How to I encode a number so that small changes result in very different encodings?

Question

I'm working in C#. I have an unsigned 32-bit integer i that is incremented gradually in response to an outside user controlled event. The number is displayed in hexadecimal as a unique ID for the user to be able to enter and look up later. I need i to display a very different 8 character string if it is incremented or two integers are otherwise close together in value (say, distance < 256). So for example, if i = 5 and j = 6 then:

string a = Encoded(i); // = "AF293E5B"
string b = Encoded(j); // = "CD2429A4"

The limitations on this are:

1. I don't want an obvious pattern in how the string changes in each increment.
2. The process needs to be reversible, so if given the string I can generate the original number.
3. Each generated string needs to be unique for the entire range of a 32-bit unsigned integers, so that two numbers don't ever produce the same string.
4. The algorithm to produce the string should be fairly easy to implement and maintain for both encoding and decoding (maybe 30 lines each or less).

However:

1. The algorithm does not need to be cryptographically secure. The goal is obfuscation more than encryption. The number itself is not secret, it just needs to not obviously be an incrementing number.
2. It is alright if looking at a large list of incremented numbers a human can discern a pattern in how the strings are changing. I just don't want it to be obvious if they are "close".

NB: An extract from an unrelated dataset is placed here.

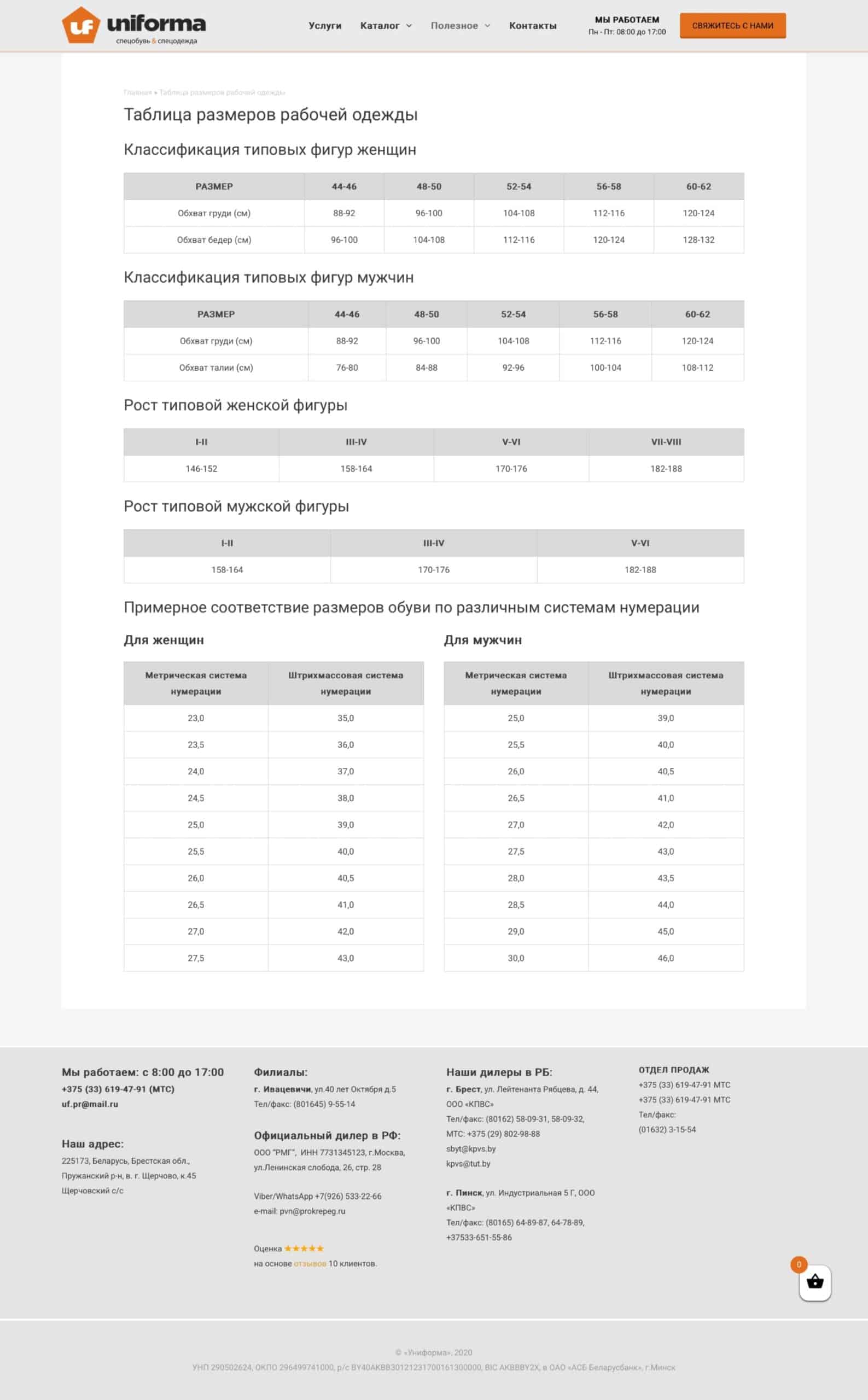 Интернет-каталог для производителя спецодежды и обуви с интеграцией Битрикс24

I recognize that a Minimal Perfect Hash Function meets these requirements, but I haven't been able to find one that will do what I need or learn how to derive one that will.

I have seen this question, and while it is along similar lines, I believe my question is more specific and precise in its requirements. The answer given for that question (as of this writing) references 3 links for possible implementations, but not being familiar with Ruby I'm not sure how to get at the code for the "obfuscate_id" (first link), Skipjack feels like overkill for what I need (2nd link), and Base64 does not use the character set I'm interested in (hex).

Answer 1

y = p * x mod q is reversible if p and q are co-primes. In particular, mod 2^32 is easy, and any odd number is a co-prime of 2^32. Now 17,34,51,... is a bit too easy, but the pattern is less obvious for 2^31 < p < 2^32-2^30 (0x8000001-0xBFFFFFFF).